Records from a data collection

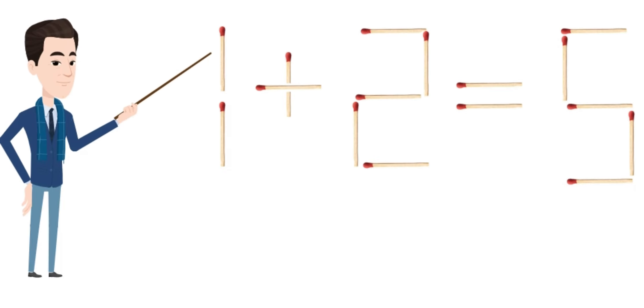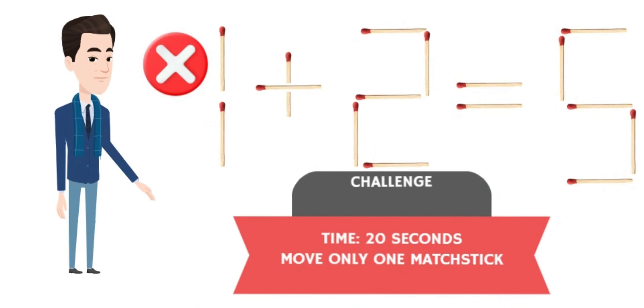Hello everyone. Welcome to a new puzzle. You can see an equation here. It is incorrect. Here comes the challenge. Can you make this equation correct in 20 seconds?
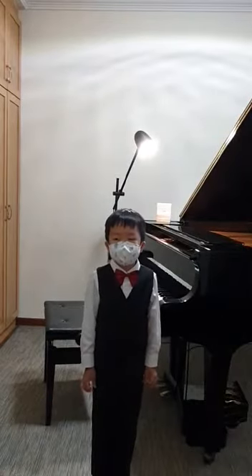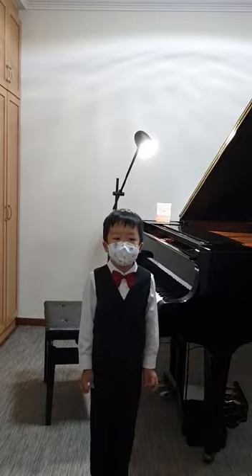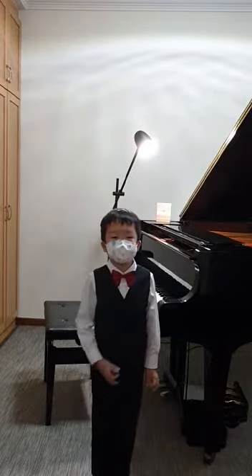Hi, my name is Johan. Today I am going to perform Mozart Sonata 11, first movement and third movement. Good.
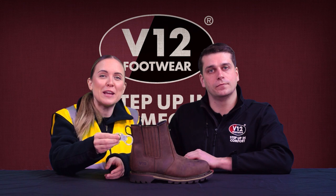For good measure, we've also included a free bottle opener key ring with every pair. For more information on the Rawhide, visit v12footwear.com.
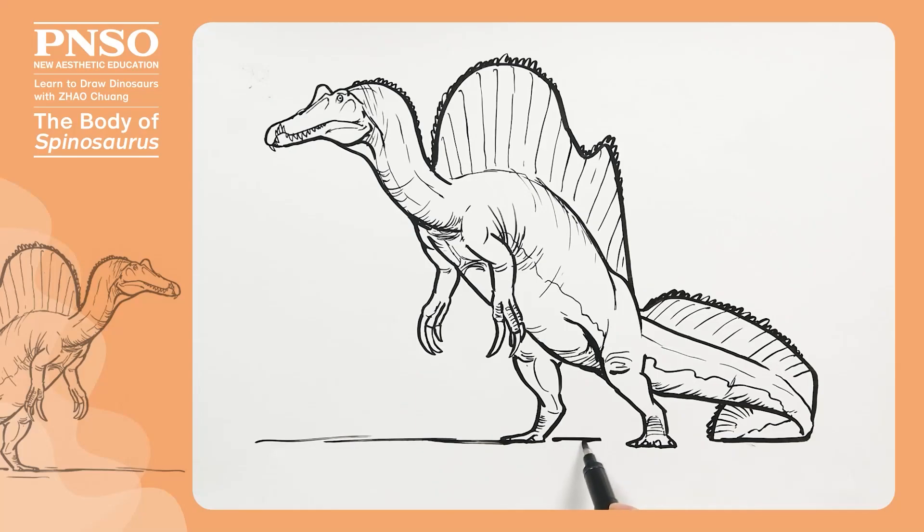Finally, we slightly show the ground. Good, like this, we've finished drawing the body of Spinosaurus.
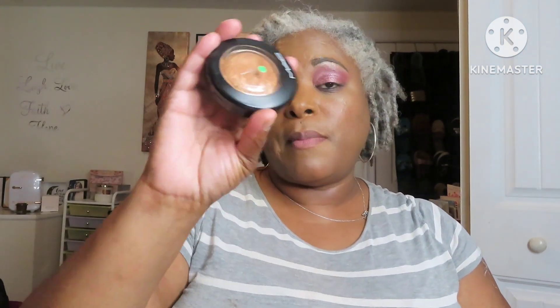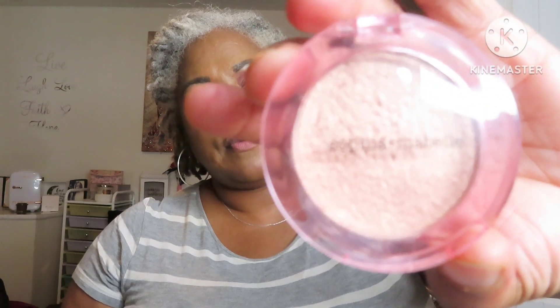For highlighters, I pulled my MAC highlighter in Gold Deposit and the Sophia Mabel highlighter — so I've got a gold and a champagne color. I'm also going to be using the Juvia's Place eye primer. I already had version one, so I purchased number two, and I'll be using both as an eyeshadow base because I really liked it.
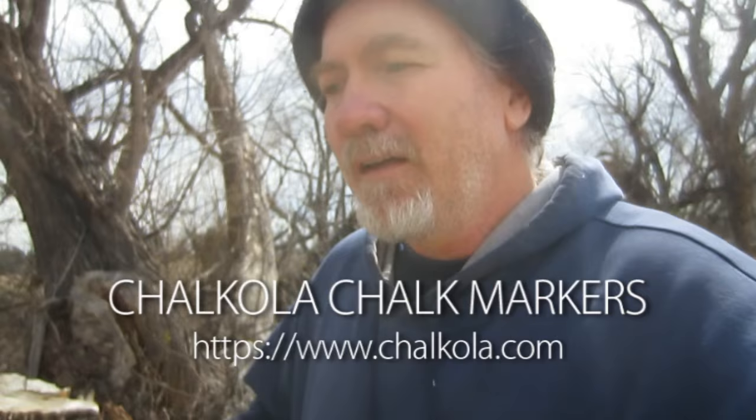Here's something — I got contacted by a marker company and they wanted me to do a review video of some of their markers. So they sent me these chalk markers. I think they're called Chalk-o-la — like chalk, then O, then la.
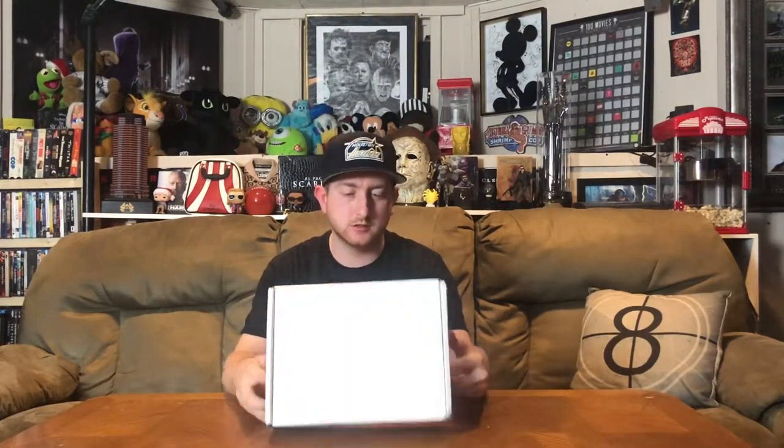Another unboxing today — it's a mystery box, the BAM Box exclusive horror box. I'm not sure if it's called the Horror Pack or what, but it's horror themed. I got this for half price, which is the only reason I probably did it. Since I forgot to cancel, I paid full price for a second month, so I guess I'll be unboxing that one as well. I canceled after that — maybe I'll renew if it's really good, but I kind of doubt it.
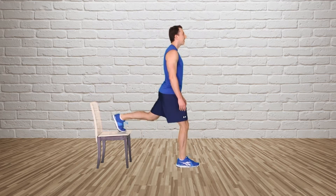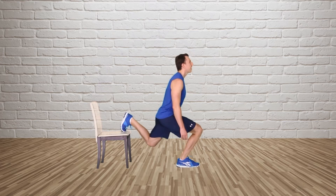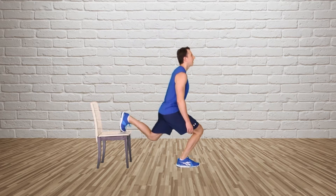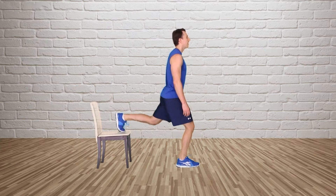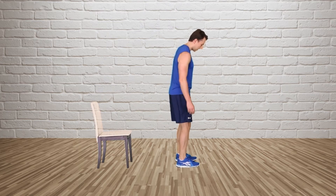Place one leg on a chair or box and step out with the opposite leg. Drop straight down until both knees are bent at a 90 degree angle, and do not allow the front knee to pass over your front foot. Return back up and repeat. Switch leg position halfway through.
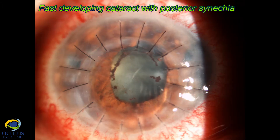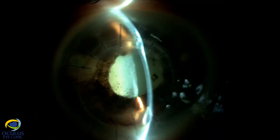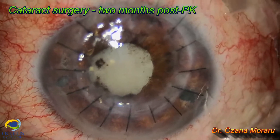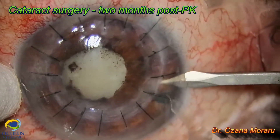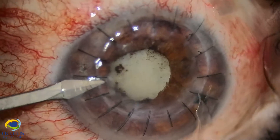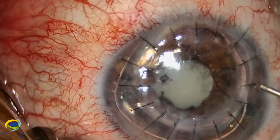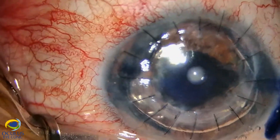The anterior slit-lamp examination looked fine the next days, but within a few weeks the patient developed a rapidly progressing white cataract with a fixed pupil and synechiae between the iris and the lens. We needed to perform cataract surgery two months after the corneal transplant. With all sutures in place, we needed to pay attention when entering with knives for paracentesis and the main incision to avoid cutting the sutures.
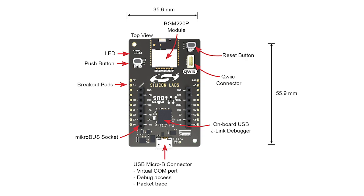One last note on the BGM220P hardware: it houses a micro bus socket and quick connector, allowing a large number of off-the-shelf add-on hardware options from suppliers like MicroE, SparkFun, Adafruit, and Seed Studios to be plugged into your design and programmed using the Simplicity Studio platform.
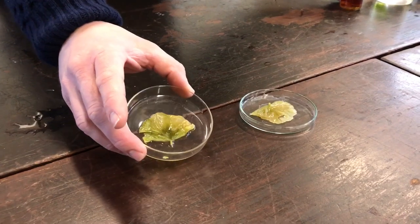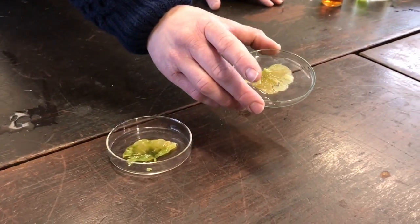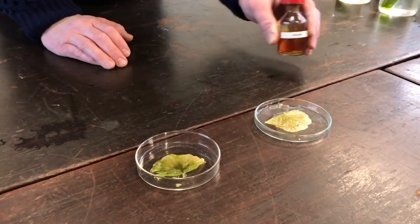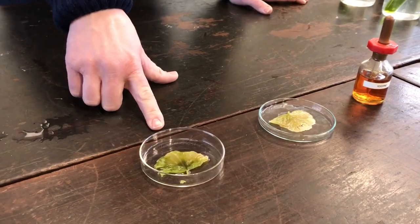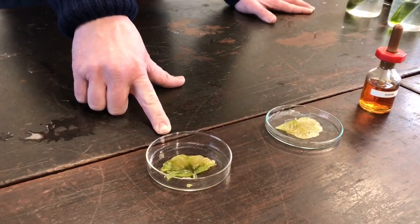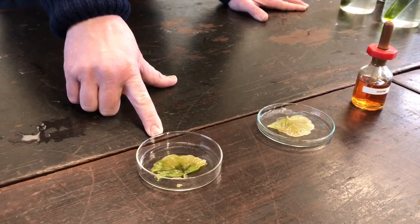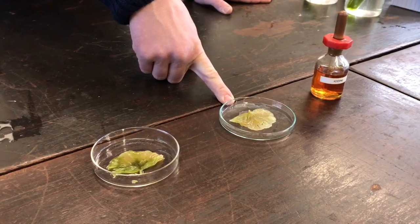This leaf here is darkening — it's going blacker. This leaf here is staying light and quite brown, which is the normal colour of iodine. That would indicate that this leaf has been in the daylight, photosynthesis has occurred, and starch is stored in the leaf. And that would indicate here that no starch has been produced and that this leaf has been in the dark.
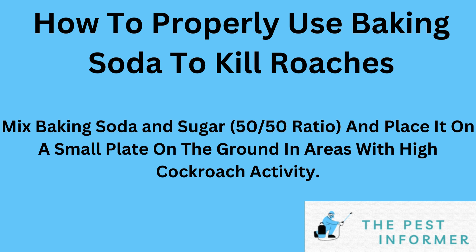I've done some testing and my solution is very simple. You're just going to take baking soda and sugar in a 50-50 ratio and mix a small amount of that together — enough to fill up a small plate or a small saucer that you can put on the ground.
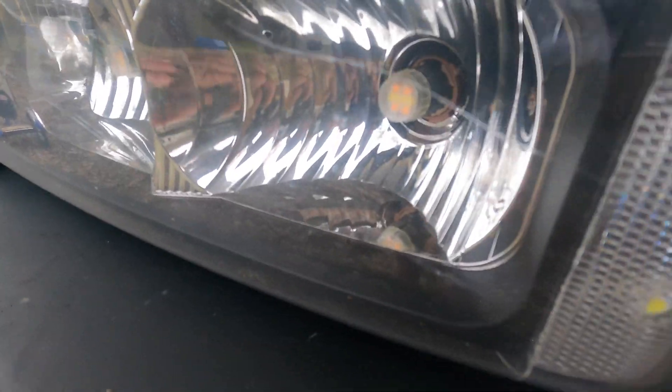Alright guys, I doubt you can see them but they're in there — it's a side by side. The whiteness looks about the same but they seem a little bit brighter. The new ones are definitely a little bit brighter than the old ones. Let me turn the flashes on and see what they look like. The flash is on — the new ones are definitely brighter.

Task statement: Reproduce exactly the lines above starting at the line containing "Here's something —" and ending at the line containing "Place one leg", including both, but not the pictures.

Solution for this task:
Here's something — I got contacted by a marker company and they wanted me to do a review video of some of their markers. So they sent me these chalk markers. I think they're called Chalk-o-la — like chalk, then O, then la.
Another unboxing today — it's a mystery box, the BAM Box exclusive horror box. I'm not sure if it's called the Horror Pack or what, but it's horror themed. I got this for half price, which is the only reason I probably did it. Since I forgot to cancel, I paid full price for a second month, so I guess I'll be unboxing that one as well. I canceled after that — maybe I'll renew if it's really good, but I kind of doubt it.
Place one leg on a chair or box and step out with the opposite leg. Drop straight down until both knees are bent at a 90 degree angle, and do not allow the front knee to pass over your front foot. Return back up and repeat. Switch leg position halfway through.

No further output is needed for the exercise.